Jorge se atraganta y se hunde en el sillón. Llora.

Camino a su escuela veían cuerpos desmembrados, ya una cabeza, ya una pierna; ora un conocido, luego un colega. El esposo de una amiga de Ángel expiró en los brazos de éste después de que unos encapuchados entraron a la tienda de abarrotes donde se encontraban de compras.

“Con el tiempo nos acostumbraos y hasta lo veías normal”, responde Ángel.

Por esas fechas el Ejército detuvo a Miguel Ángel Reyes, hijo de Josefina. Fue acusado de ser parte del grupo de sicarios del Cártel de Juárez, “La Línea”. Está detenido en un penal de Tamaulipas, pero no ha sido sentenciado.

“Si alguien de la familia tiene una deuda con la justicia debe pagarla, pero es justo que tenga un juicio y se le compruebe o no el cargo y no nada más tenerlo encerrado”, defiende Saúl.

Por el encarcelamiento de Miguel Ángel, Josefina, la madre, montó plantones de protesta contra el Ejército por “arbitrario”. A partir de ese momento la estela de muerte que siguió a los Reyes es historia: en noviembre de 2008 cayó Julio; Josefina, en enero de 2010; Rubén, siete meses después y Elías, Luisa y Magdalena en febrero de 2011.

Cada vez que uno moría, el resto protestaba.
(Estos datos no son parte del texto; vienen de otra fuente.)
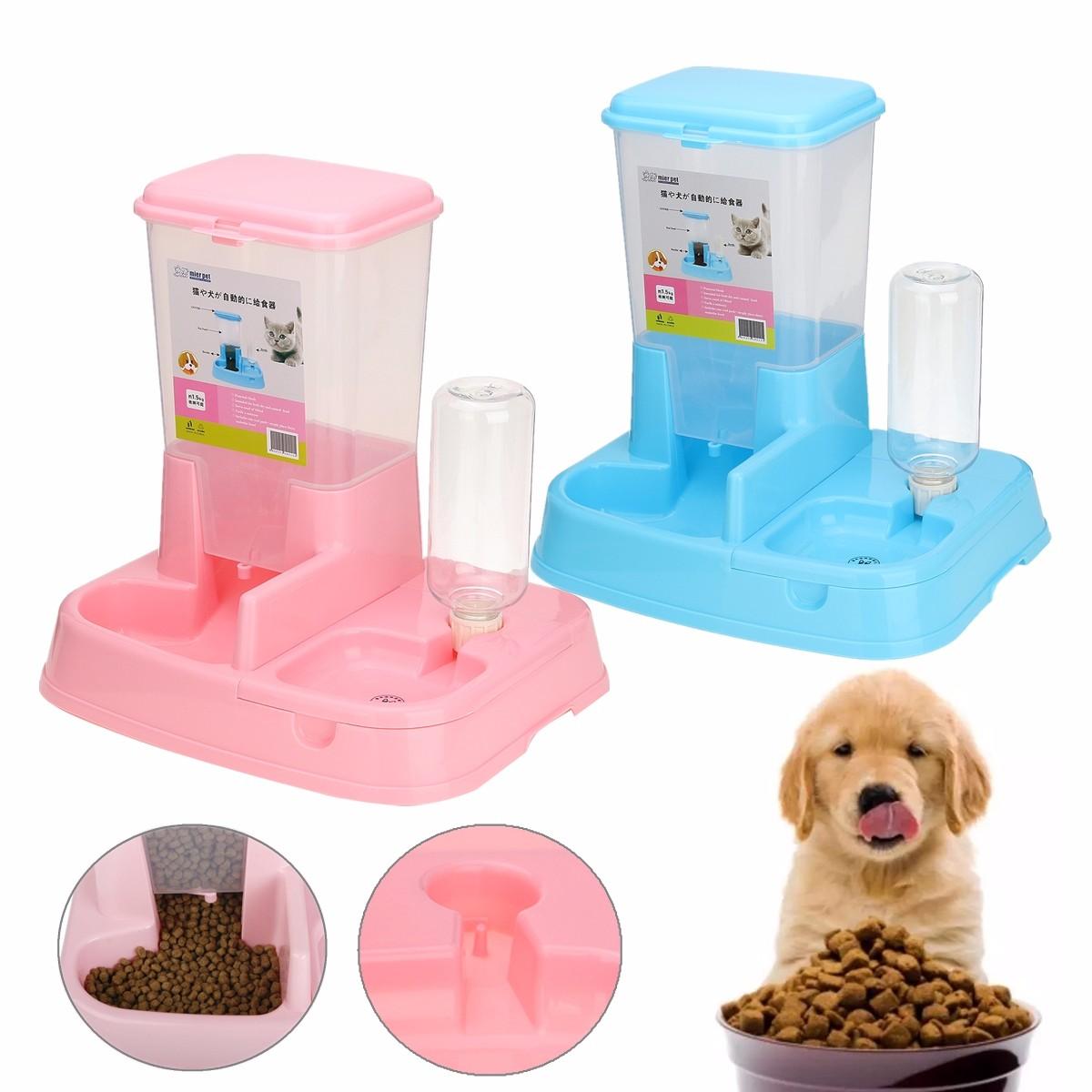 Image of Pet Cat Dog Automatic Water Drinker Dispenser Food Feeder Dish Bowl Bottle Pet Bowl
Los últimos tres fueron secuestrados, ejecutados, enterrados, desenterrados y tirados en estado de descomposición en una carretera, dos días después de que la familia instaló un campamento en las afueras del Senado de la República en la Ciudad de México para clamar justicia.

Saúl cree todavía que el Estado es culpable de su desgracia. “Al menos por omisión”, opina. Su vista se detiene en un reconocimiento que le otorgó en el pleno el Senado de EEUU, un país del que renegó durante años como todo militante de izquierdas, pero hoy se desdice, corrige.

“Por decir lo que pienso, en Estados Unidos me aplaude en el Congreso; por decir lo que pienso en México mi vida corre peligro”.